Only half a performance, but a dream of a scoresheet
Elanga, Greenwood, Rashford: just the names the fans would have chosen
FIVE ASIDES Premier League: Brentford 1, United 3
This was our old friend, the game of two halves. In the first half United had all the possession and no real chances, while Brentford had all the chances and no real threat. David de Gea, as so often, kept the scores level. United’s other main men, Cristiano Ronaldo and Bruno Fernandes, were both dropping too deep. We don’t know what United had to drink at half-time, but it did the trick. They came out fighting as Scott McTominay took the game by the scruff of the neck and Fred continued his new-found creativity: that lofted through ball to Anthony Elanga was so ambitious that you wondered if he was Bruno in disguise. Then Fernandes himself, after returning to form with two goals at Villa Park, added two sharp assists. More than halfway through the season, United finally have a player with more assists in the league (five) than Paul Pogba managed on the first day (four).
The scoresheet was a United fan’s dream, featuring three young strikers, all Academy graduates.

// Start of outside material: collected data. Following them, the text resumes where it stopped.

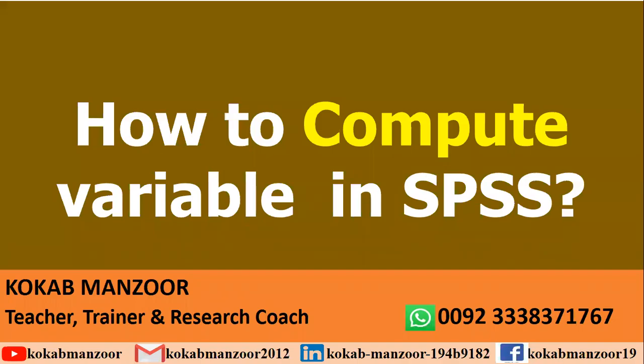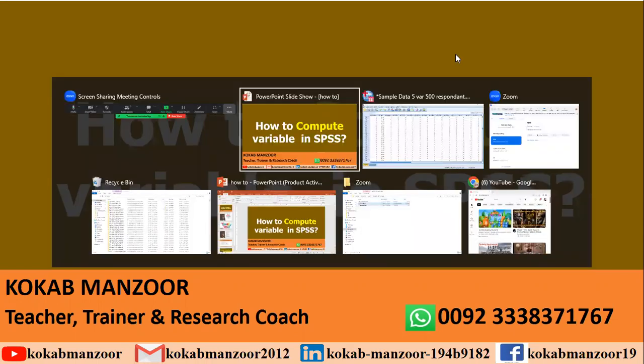Bismillahirrahmanirrahim and assalamu alaikum everyone. Hope you guys are doing great. Today we're going to learn how to compute variable in SPSS in one minute. This is Kokab Manzoor, teacher, trainer, and research coach.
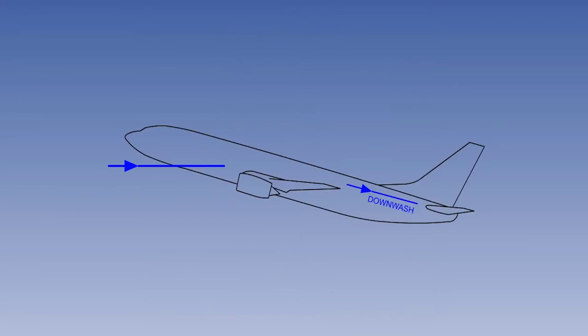For simplicity, the first explanation of longitudinal static stability assumed a gust would give the same change in angle of attack to the tailplane and the wing. In practice, the airflow at the tailplane will be affected by the airflow from the wing trailing edge, and the tailplane will experience a smaller change in angle of attack than the wing.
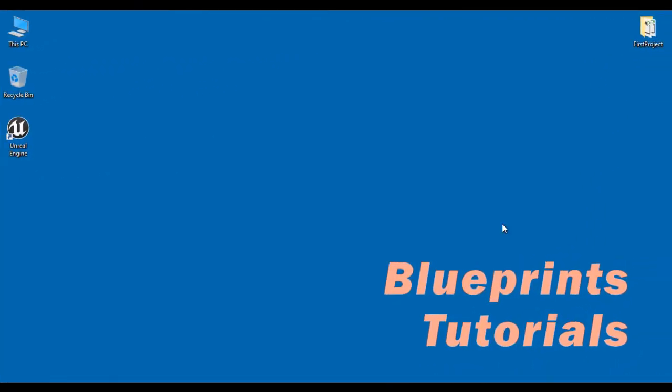Hello friends, welcome to Blueprints video tutorials series.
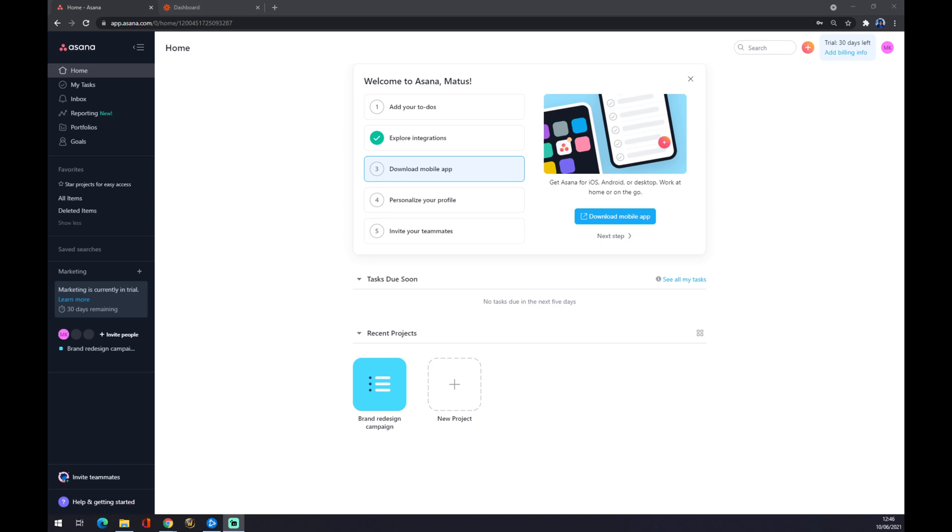Hello guys, my name is Matthew and in today's video I'm going to show you the integration between Gmail and Asana. First of all, we need to create our account in Asana.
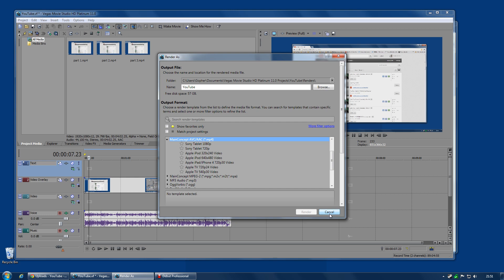The Sony one will actually use my GPU to accelerate. So if I get a decent GPU in my video rendering machine, I can actually speed my rendering up twice as fast again, which I cannot do with the MainConcept one.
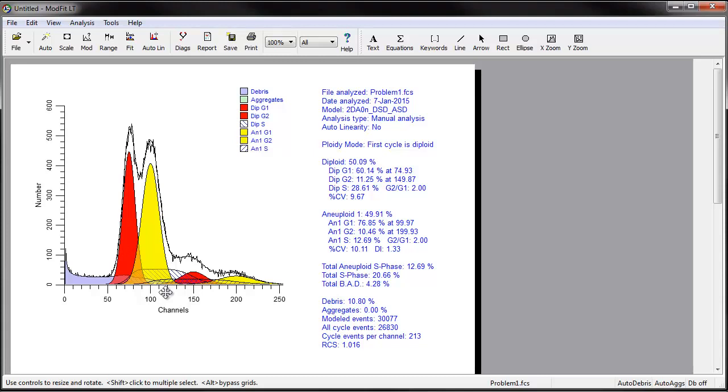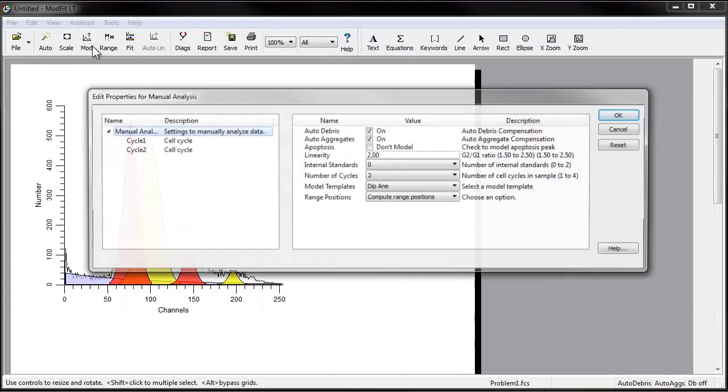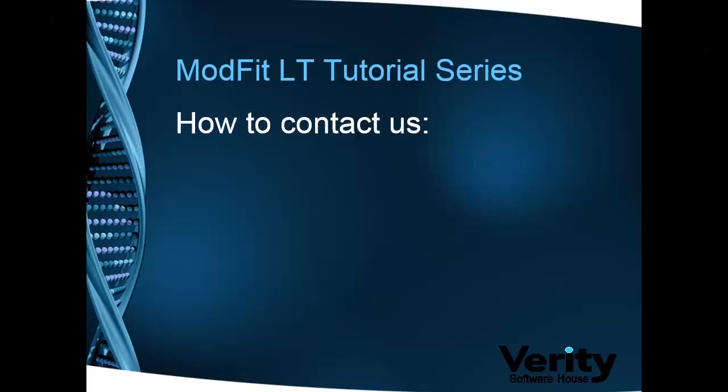Models are selected using the Choose Model option from the analysis menu or by clicking the Model button on the toolbar. Thanks for watching.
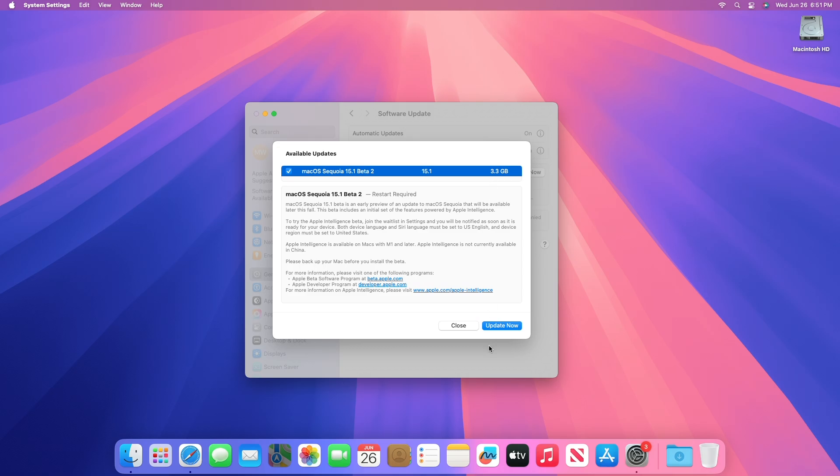This macOS Sequoia 15.1 beta is an early preview of an update to macOS Sequoia that will be available later this fall. This beta includes an initial set of the features powered by Apple intelligence.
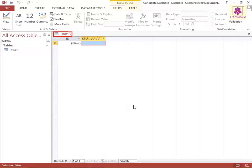By default, a new table called Table 1 opens in the database.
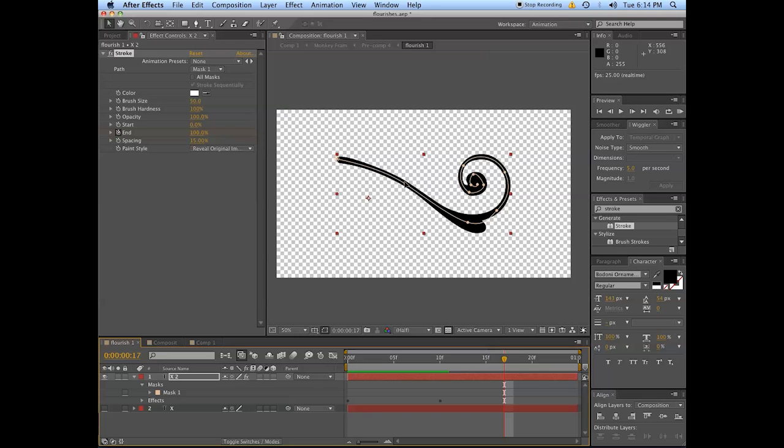So I'm Evan Abrams and this is a quick way to cheap out on animating flourishes and making embellishments. So have a good day and hope you had fun with this and you didn't waste as much time listening to me talk. Have a good one.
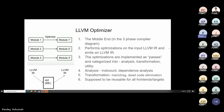The LLVM optimizer is the middle end in the three-phase compiler diagram. It takes LLVM IR as input, does some optimizations on it, and produces LLVM IR — so input and output are both LLVM IR, but they differ because optimizations have been applied. These optimizations are referred to as passes, categorized into three types: analysis, transformation, and utility.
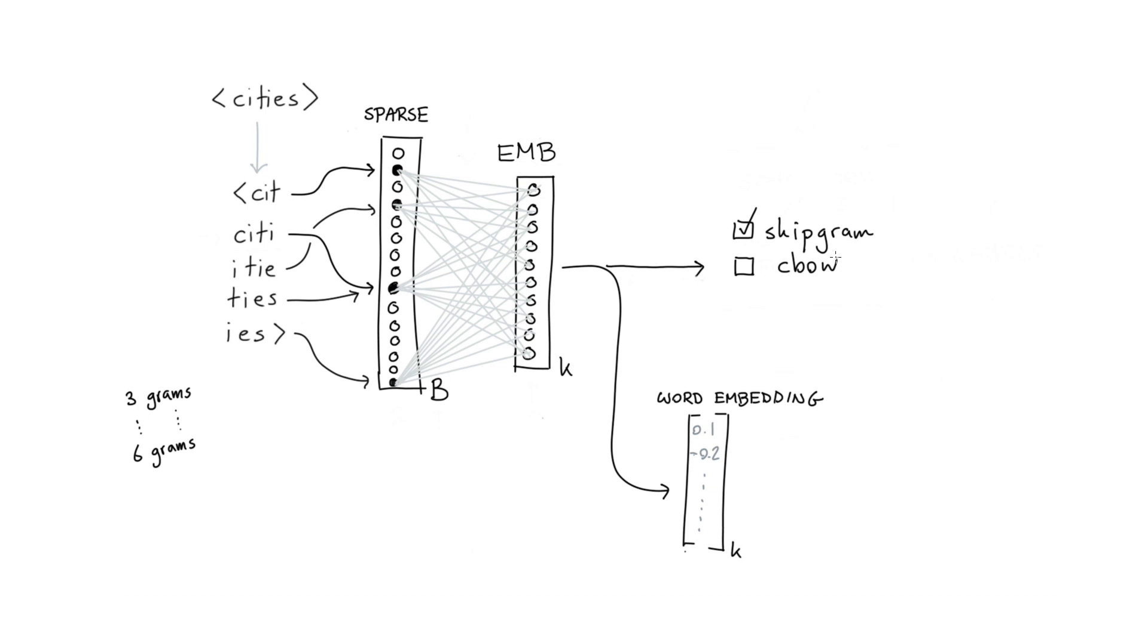Now, it's good to mention here that fast text does skip gram on a bag of n-grams with context words, rather than just target word versus context word. And if you appreciate a reminder of what context words exactly are, I recommend rewatching the skip gram and CBOW video that's also in this playlist.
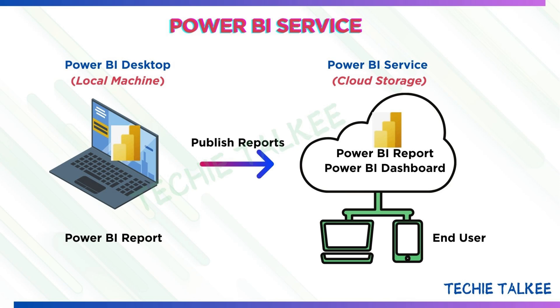Hello viewers, all this time we were working on Power BI desktop to create the reports. So these reports are stored in the local machine in PBIX format.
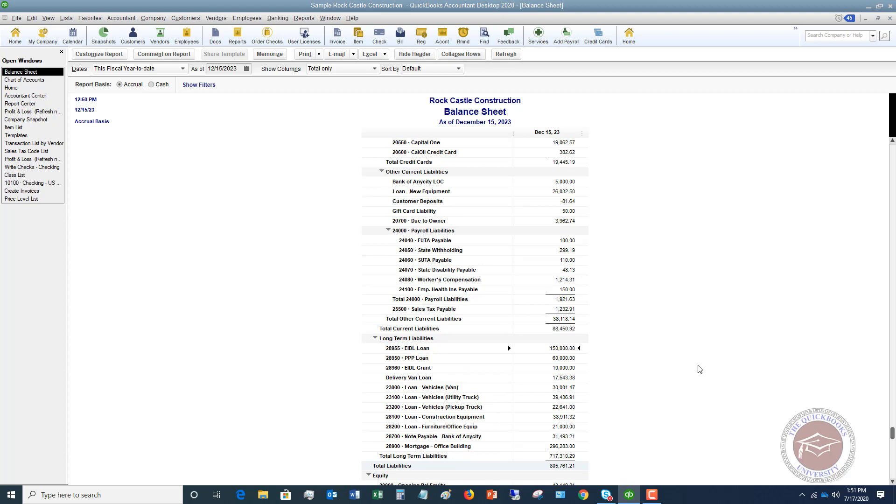Now I have other videos on when you have to start making payments on this and you have interest and how you're going to do what's called a split transaction on those payments. So be sure to check those out.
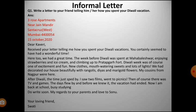First write the address, and note where you have to give the punctuation comma. 'Dear Kaveri, I received your letter telling me how you spent your Diwali vacations. You certainly seem to have had a wonderful time. We too had a great time. The week before Diwali was spent at Mahabaleshwar enjoying strawberries and ice cream and climbing up to Pratapgad Fort. Diwali week was of course one of excitement and fun — new clothes, mouth-watering sweets, and lots of lights. We decorated our house beautifully with rangolis, diyas, and marigold flowers.'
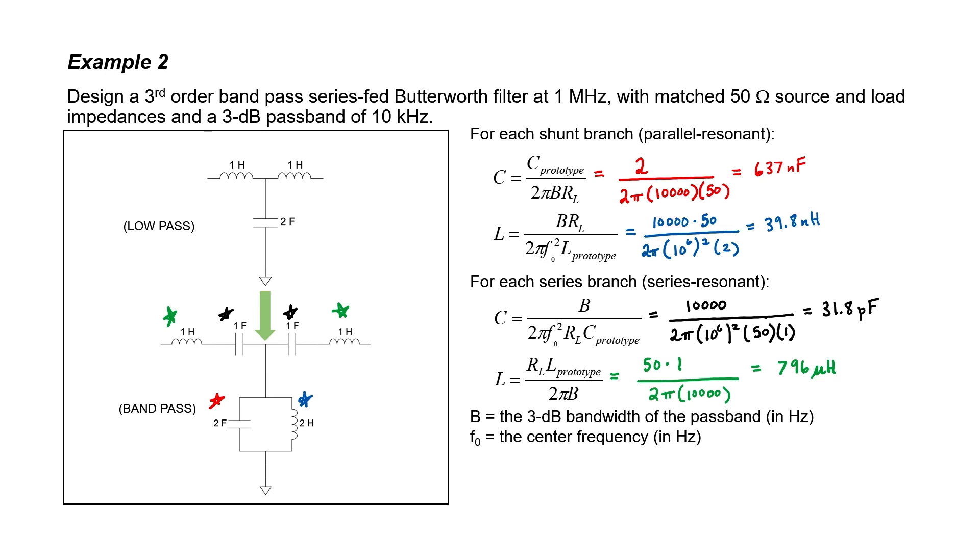How many poles does it have and how many zeros does it have? Well, because it has 6 reactive elements, we can conclude that it has 6 poles. For a bandpass filter, we also know that the number of zeros is going to be half the number of poles. Therefore, this 6 pole bandpass filter is going to have 3 zeros.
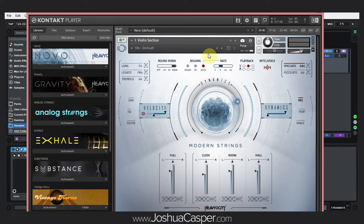Hey, what's up everybody? This is Joshua Casper. Welcome to another Kontakt tutorial. Today I'm going to show you how to reduce how much RAM is being used or required for any of your instruments. This is especially good if you don't have a lot of RAM or you've got a big project with a lot going on. It's really easy to actually reduce RAM usage inside of any Kontakt instrument. Some have more options than others, but let's just jump into it so I can show you what I mean.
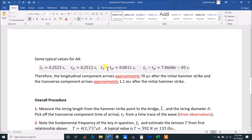Here are typical values. The transverse component arrives about 1.1 milliseconds after the hammer strikes. The longitudinal component arrives about 70 microseconds after the hammer strike. So you have two numbers: 70 microseconds for the longitudinal arrival and 1.1 milliseconds for the transverse arrival. Keep in mind these numbers are approximate.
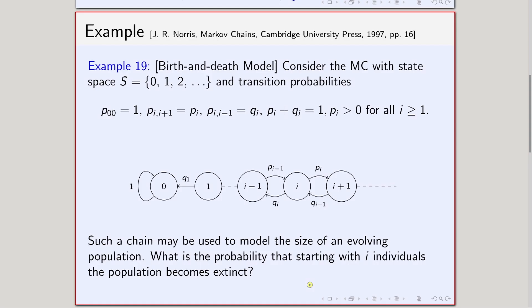Now we will see another example in this lecture. Consider the Markov chain with state space S given by this, and the transition probabilities given by this — these are of course one-step transition probabilities. P(0,0) is 1, so the state 0 is basically going back to 0 in one step only; once you are in state 0, you cannot come out of state 0.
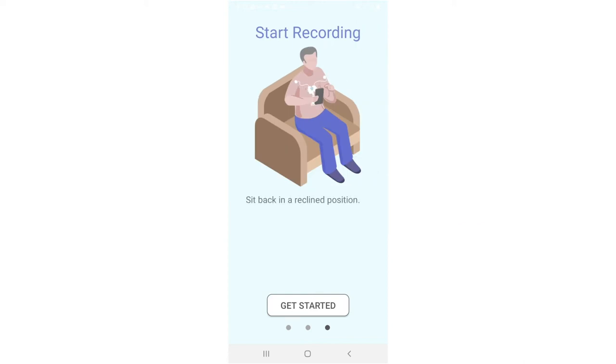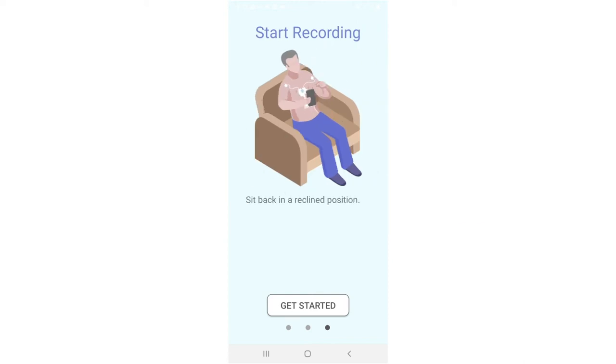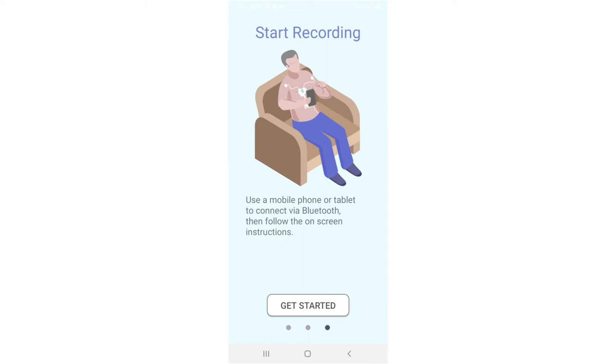Start recording. Now, sit back in a reclined position. Relax your muscles. Use a mobile phone or tablet to connect via Bluetooth, then follow the on-screen instructions.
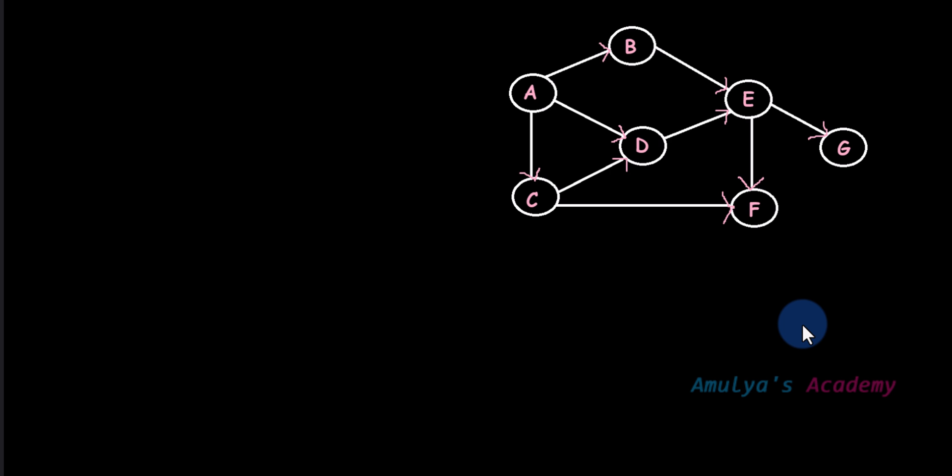Today let's see how to run DFS function on weakly connected graph, how to visit all the nodes of the graph using DFS function.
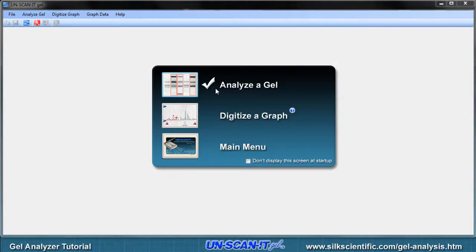A startup screen will appear when the software is opened, and a pop-up menu will allow you to analyze a gel. This option can also be selected from the main Analyze Gel menu or the Analyze toolbar.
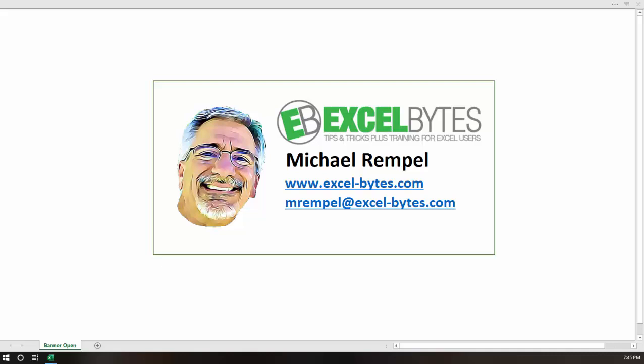Hello everyone, Mike Rempel from Excel Bytes with today's Excel Bytes blog post.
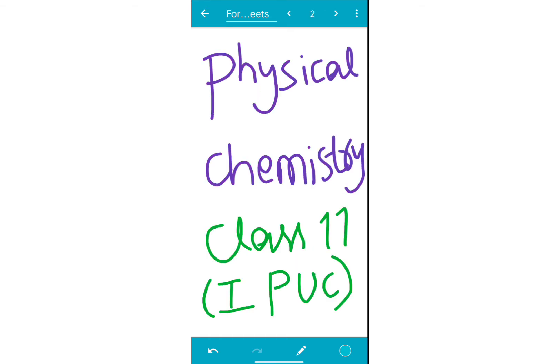I am going to talk about physical chemistry class 11 and all important formulas. I am going to talk about formulas in the description and comment section.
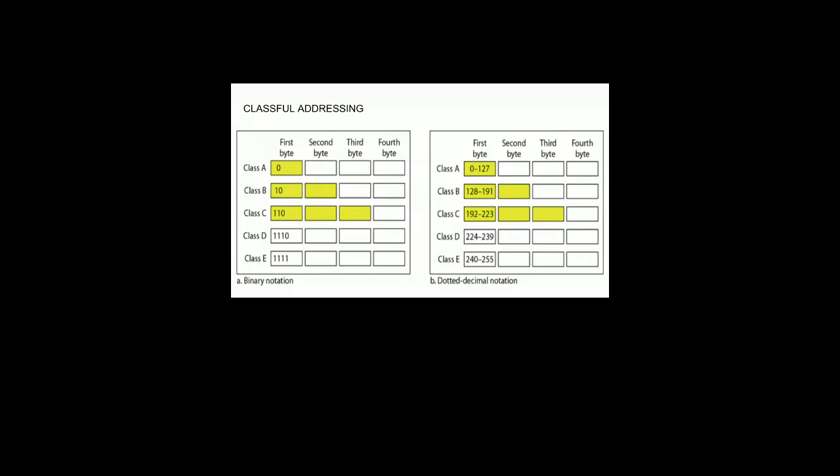The highlighted yellow represents the network ID and remaining octets are the host ID. Class A has the first byte as network ID - 256 possible networks, rest for hosts. Class B has 16 bits for network ID and 16 bits for host ID. Class C has 24 bits for network ID and 8 bits for host ID, so the number of hosts decreases as you go down the classes. Based on how many hosts you require, you choose the appropriate class.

And their goals were deliciously different: a clever flick and neat header from Elanga, a simple tap-in from Mason Greenwood, and a measured screamer from Marcus Rashford. Before the game, all United’s England stars were out of form, out of the team, or both. Now two of them have taken a big step back to being themselves.
Cristiano Ronaldo's chest played better than the rest of him. He was one of United’s many problems in the first half, barely contributing anything. But great strikers often produce a stroke of genius out of nowhere and Ronaldo did it with rare ingenuity, twisting his body and bracing his pecs to turn McTominay’s speculative chip into a through ball for Fernandes and a move that suggested they can work together after all. After Fernandes had done the rest with a selfless lay-off to Greenwood, Ronaldo could be seen in the huddle, saying something like ‘Come on guys, concentrate, don’t blow another 2-0 lead’. That was just the sort of statesmanship this team needs. And then he went and blew it by being a whingebag on the bench.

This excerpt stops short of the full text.